La communauté éducative européenne est en deuil. Sofia Corradi, professeure émérite en sciences de l’éducation et créatrice du célèbre programme Erasmus, s’est éteinte dans la nuit de vendredi à samedi à Rome, selon l’annonce faite par sa famille samedi 18 octobre. Âgée de 91 ans, celle que l’on surnommait affectueusement « Mamma Erasmus » laisse derrière elle un héritage exceptionnel qui a transformé la vie de plus de 16 millions d’étudiants européens.
Une disparition qui marque la fin d’une ère
La famille de l’universitaire italienne a rendu hommage à une femme d’une grande énergie et générosité intellectuelle et affective, rapporte l’agence de presse italienne ANSA. Sofia Corradi avait célébré son 91e anniversaire il y a seulement un mois, le 5 septembre dernier.
Professeure ordinaire de sciences de l’éducation à l’université Roma 3, elle avait consacré près de deux décennies de sa vie à convaincre les responsables académiques et politiques européens de la nécessité d’un programme d’échanges universitaires harmonisé.
D’un échec personnel à une révolution éducative
Le parcours de Sofia Corradi illustre comment une déception peut se transformer en victoire collective. En 1957, grâce à une prestigieuse bourse Fulbright, elle avait obtenu un Master en droit comparé à la Columbia University de New York. À son retour en Italie, l’université La Sapienza de Rome avait refusé de reconnaître ses examens passés à l’étranger.
Face à cette injustice, la jeune juriste avait alors décidé qu’aucun autre étudiant ne devrait subir la même expérience. Elle proposa son projet dès 1969, mais il fallut attendre 1987, sous la présidence de Jacques Delors à la Commission européenne, pour que le programme Erasmus voie officiellement le jour.
Un impact culturel et social sans précédent
Le programme qu’elle a imaginé porte le nom du théologien néerlandais Érasme de Rotterdam, tout en formant l’acronyme EuRopean Action Scheme for the Mobility of University Students. Depuis sa création, il a permis à des millions de jeunes Européens de poursuivre une partie de leurs études dans un autre pays du continent.

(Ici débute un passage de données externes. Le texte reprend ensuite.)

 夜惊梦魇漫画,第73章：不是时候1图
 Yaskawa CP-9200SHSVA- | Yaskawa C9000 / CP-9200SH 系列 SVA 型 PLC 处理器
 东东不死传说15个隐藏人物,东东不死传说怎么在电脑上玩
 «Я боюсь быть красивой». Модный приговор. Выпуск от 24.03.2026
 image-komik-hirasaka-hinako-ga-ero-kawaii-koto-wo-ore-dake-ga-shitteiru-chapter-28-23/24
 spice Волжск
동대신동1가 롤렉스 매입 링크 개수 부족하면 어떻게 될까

Selon les données officielles, plus de 16 millions d’étudiants ont bénéficié du programme Erasmus depuis 1987. L’initiative a également eu un impact culturel profond, représentant pour beaucoup leur première expérience de vie et d’études à l’étranger.

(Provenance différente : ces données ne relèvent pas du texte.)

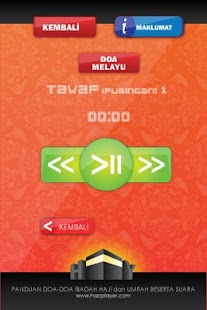 Hajj player I MELAYU Screenshots 2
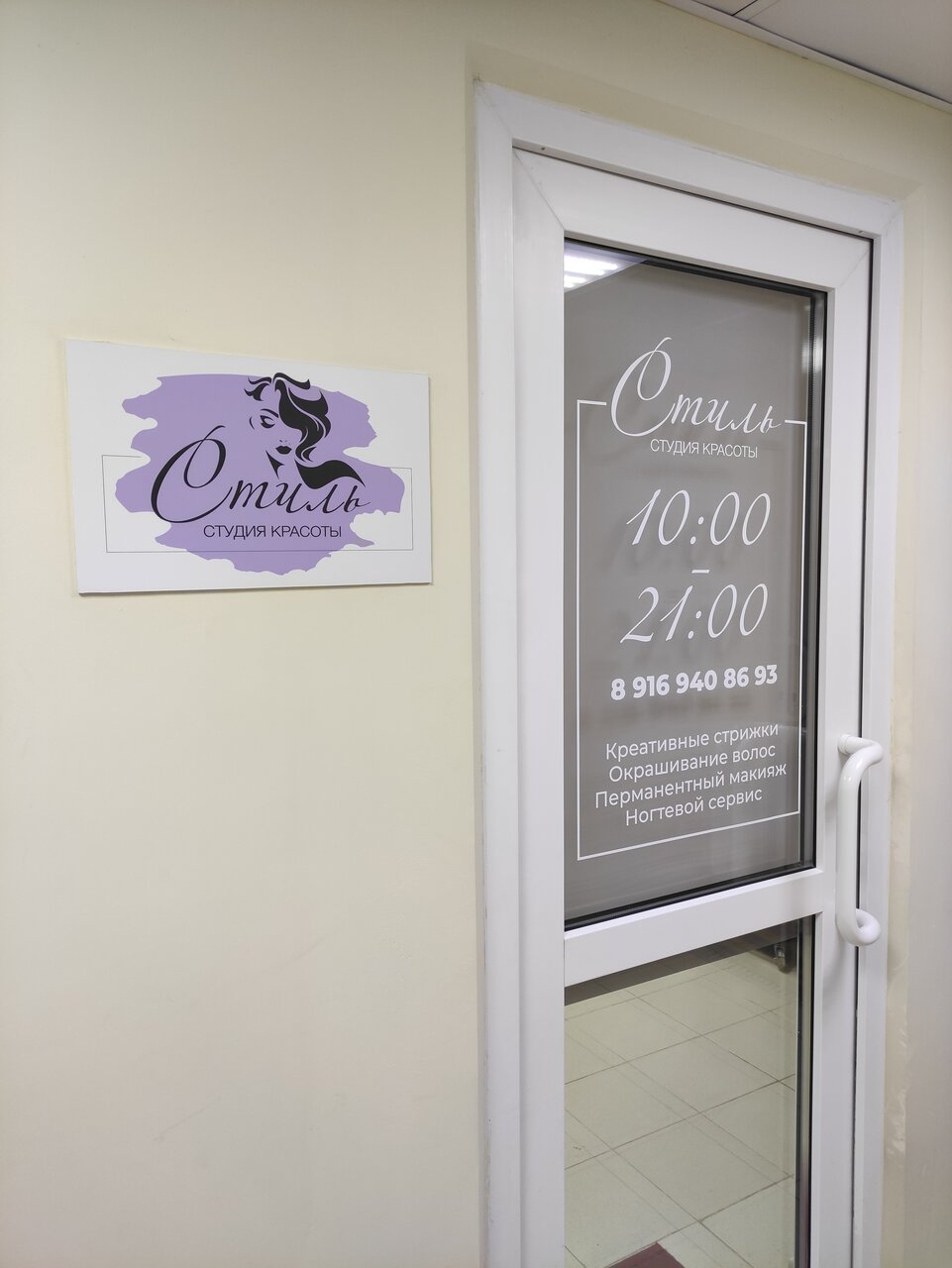 Фото салона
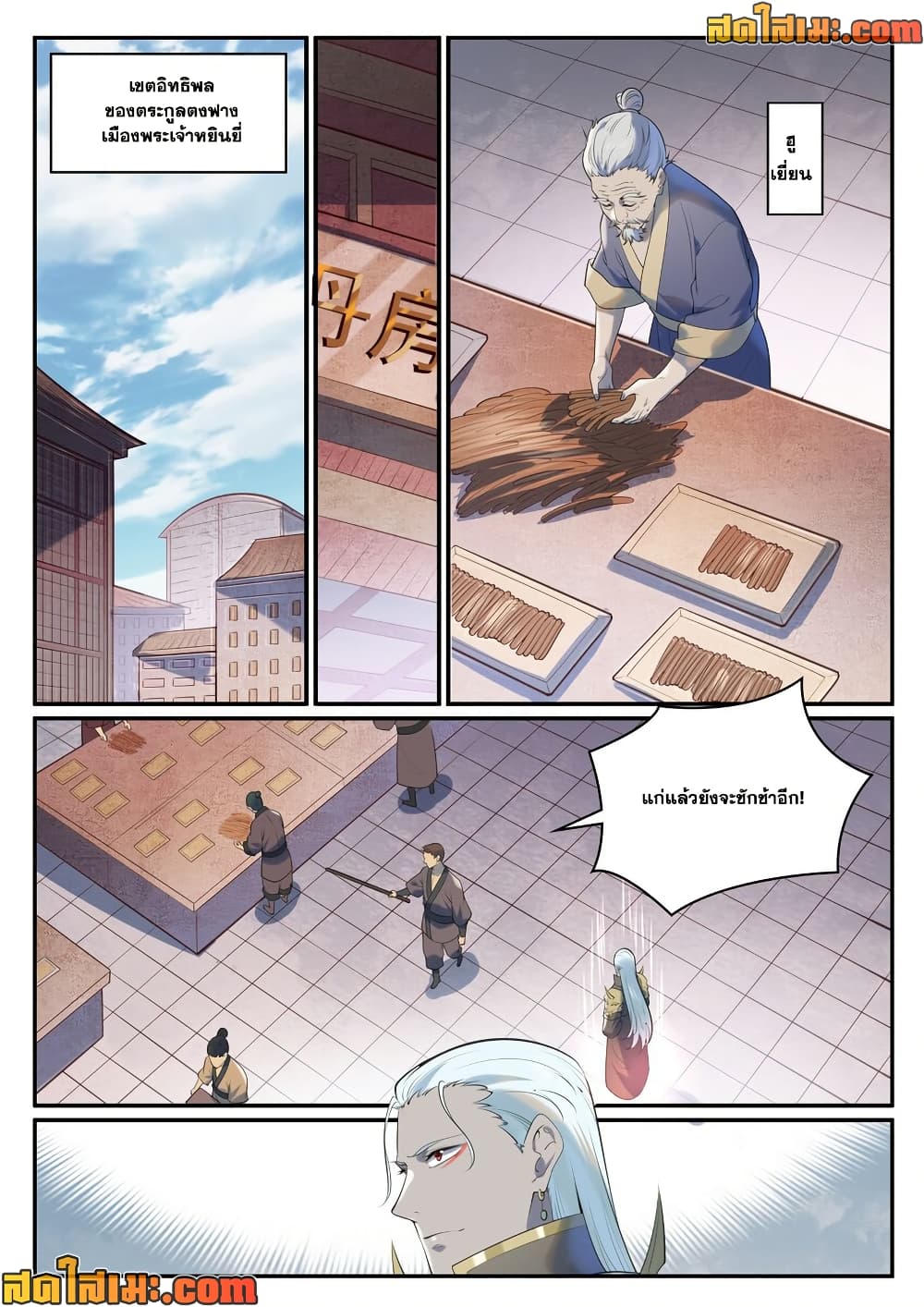 Bailian Chengshen page 4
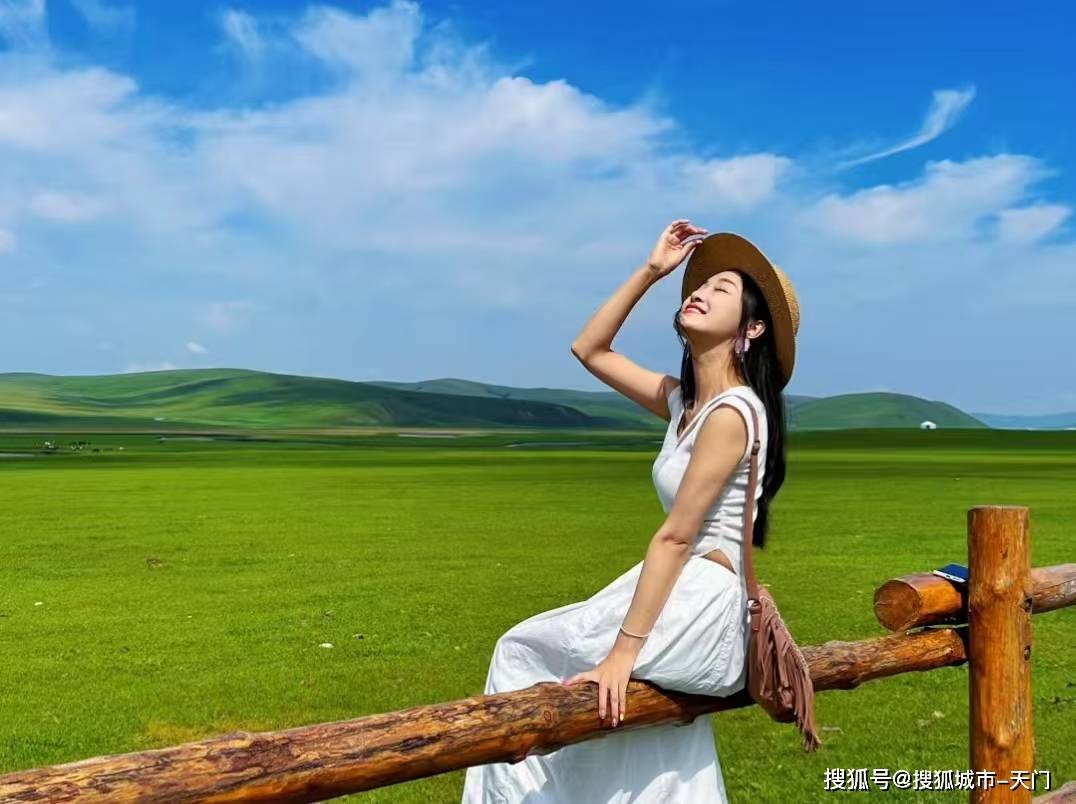 推荐！内蒙七日游旅行最佳路线天需要多少钱！开元棋牌app内蒙7日游家庭游定制小包团(图2)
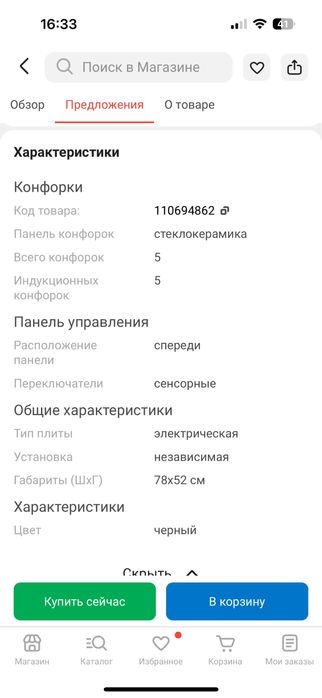 Продам Варочную  Поверхность Electrolux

Une reconnaissance internationale méritée
L’engagement de Sofia Corradi pour l’éducation européenne lui avait valu plusieurs distinctions prestigieuses. En 2016, le roi d’Espagne lui avait décerné le prix européen Charles Quint, une récompense également attribuée à Helmut Kohl et Jacques Delors pour leur contribution à la construction européenne.
La même année, le président italien Sergio Mattarella l’avait nommée Commandeur de l’Ordre du Mérite de la République italienne, reconnaissant ainsi sa contribution exceptionnelle au domaine éducatif.